Business software giant Oracle has announced it will acquire server builder
Sun Microsystems for $7.4bn (£5.1bn), or $5.6bn (£3.8bn) net of Sun’s cash and
debt. This works out at $9.50 (£6.53) per share.
The sale tops the IBM offer to buy Sun for $9.40 (£6.46) per share, which
fell through earlier this month when Big Blue withdrew its bid.
Oracle said it expects the purchase to generate more profit than the previous
acquisitions of BEA, PeopleSoft and Siebel combined, forecasting the acquired
business to contribute over $1.5bn (£1bn) to its non-GAAP operating profit in
the first year, and more than $2bn (£1.4bn) in its second year.

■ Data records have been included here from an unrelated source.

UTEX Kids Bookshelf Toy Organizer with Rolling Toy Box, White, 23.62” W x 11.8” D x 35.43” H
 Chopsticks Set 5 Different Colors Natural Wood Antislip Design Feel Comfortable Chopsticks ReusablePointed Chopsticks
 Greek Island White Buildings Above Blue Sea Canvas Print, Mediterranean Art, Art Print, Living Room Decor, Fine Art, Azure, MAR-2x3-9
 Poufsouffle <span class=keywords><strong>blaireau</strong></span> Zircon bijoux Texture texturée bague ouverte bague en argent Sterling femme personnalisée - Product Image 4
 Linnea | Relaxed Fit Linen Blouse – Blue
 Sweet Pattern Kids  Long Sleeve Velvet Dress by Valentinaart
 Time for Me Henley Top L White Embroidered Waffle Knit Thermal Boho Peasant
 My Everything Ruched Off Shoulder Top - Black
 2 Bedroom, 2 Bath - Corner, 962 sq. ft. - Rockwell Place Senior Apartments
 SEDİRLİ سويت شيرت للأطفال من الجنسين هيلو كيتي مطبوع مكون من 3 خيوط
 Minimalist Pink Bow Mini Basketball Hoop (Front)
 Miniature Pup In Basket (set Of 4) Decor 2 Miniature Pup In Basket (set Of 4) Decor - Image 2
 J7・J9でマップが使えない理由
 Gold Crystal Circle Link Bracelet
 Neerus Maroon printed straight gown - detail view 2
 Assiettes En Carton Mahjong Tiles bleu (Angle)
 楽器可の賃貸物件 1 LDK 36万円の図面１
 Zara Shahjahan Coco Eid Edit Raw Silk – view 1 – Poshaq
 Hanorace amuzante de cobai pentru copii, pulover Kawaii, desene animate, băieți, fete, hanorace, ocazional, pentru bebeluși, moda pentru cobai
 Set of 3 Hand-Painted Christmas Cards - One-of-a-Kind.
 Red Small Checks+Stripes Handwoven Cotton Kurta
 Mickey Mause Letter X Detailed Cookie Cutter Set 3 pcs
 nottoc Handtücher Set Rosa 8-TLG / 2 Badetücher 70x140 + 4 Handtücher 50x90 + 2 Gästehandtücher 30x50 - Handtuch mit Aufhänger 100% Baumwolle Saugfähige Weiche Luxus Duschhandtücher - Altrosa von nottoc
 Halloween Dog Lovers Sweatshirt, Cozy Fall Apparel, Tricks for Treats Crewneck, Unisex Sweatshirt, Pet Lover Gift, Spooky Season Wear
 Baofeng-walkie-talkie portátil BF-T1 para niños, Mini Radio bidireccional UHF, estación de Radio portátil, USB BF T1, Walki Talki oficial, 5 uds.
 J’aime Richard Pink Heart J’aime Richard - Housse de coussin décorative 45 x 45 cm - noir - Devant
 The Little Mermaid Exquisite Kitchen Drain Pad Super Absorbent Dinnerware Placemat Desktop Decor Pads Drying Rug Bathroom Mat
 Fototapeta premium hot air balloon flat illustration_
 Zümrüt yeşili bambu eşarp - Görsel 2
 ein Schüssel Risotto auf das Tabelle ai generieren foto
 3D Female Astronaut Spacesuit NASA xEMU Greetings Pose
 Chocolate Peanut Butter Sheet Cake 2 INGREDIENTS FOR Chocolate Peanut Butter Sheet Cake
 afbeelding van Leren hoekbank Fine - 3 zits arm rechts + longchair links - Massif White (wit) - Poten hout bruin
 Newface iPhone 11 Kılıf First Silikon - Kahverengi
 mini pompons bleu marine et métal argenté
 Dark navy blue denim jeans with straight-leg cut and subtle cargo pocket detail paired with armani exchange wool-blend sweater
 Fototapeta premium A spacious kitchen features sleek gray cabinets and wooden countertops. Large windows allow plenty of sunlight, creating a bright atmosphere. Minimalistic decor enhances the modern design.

"The acquisition of Sun transforms the IT industry, combining best-in-class
enterprise software and mission-critical computing systems," said Oracle chief
executive Larry Ellison.
"Oracle will be the only company that can engineer an integrated system -
applications to disk - where all the pieces fit and work together so customers
do not have to do it themselves.
"Our customers benefit as their systems integration costs go down while
system performance, reliability and security go up."
Oracle said that Sun’s Java software is the most important software Oracle
has acquired. Oracle uses the software to build its Fusion Middleware.